Directions:
Whatever pictures appear, omit them, and repeat the data below exactly.

- - - - - - -

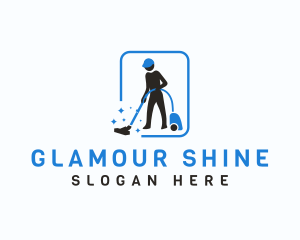 Vacuum Cleaning Janitor logo design
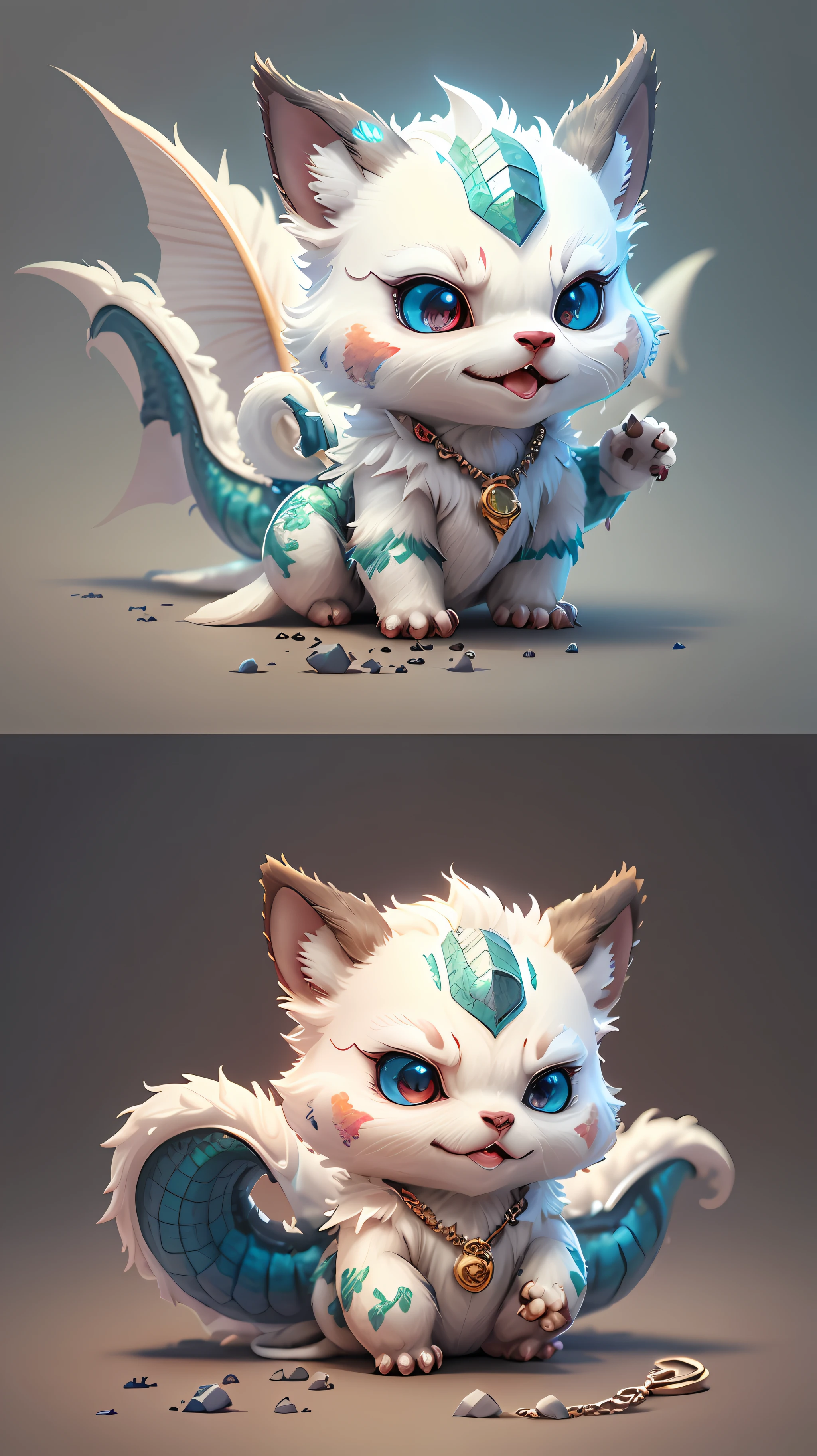 Cute hyper-realistic little white dragon, eyes of different colors, wearing a necklace, exaggerated expressions, humanized movements, chibi, cute and fluffy, logo design, cartoon, movie lighting effects, charming, 3D vector art, cute quirky, fantasy art, background blurring, hand drawing, digital painting, soft lighting, isometric style, 4K resolution, realistic rendering, highly detailed and clean, vector images, realistic masterpieces, professional photography, simple space background, flat white background, isometric, vibrant vector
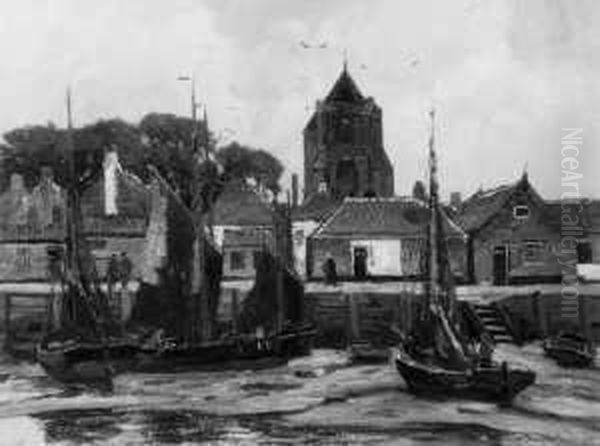 Ein Hollandischer Fischerhafen. 
Signiert Unten Rechts: W. Hambuchen. Ol Auf Leinwand. H 60; B 80 Cm. Oil Painting by Wilhelm Hambutchen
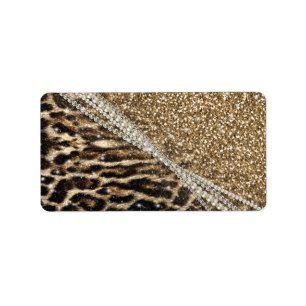 Beautiful chic girly leopard animal faux fur print label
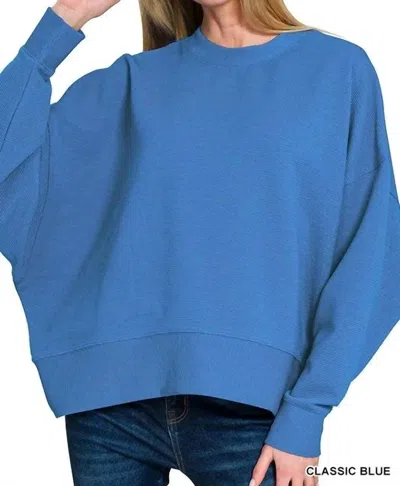 Zenana Ribbed Balloon Sleeve Sweatshirt In Classic Blue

- - - - - - -

Reply to the task:
 Vacuum Cleaning Janitor logo design
 Cute hyper-realistic little white dragon, eyes of different colors, wearing a necklace, exaggerated expressions, humanized movements, chibi, cute and fluffy, logo design, cartoon, movie lighting effects, charming, 3D vector art, cute quirky, fantasy art, background blurring, hand drawing, digital painting, soft lighting, isometric style, 4K resolution, realistic rendering, highly detailed and clean, vector images, realistic masterpieces, professional photography, simple space background, flat white background, isometric, vibrant vector
 Ein Hollandischer Fischerhafen. 
Signiert Unten Rechts: W. Hambuchen. Ol Auf Leinwand. H 60; B 80 Cm. Oil Painting by Wilhelm Hambutchen
 Beautiful chic girly leopard animal faux fur print label
 Zenana Ribbed Balloon Sleeve Sweatshirt In Classic Blue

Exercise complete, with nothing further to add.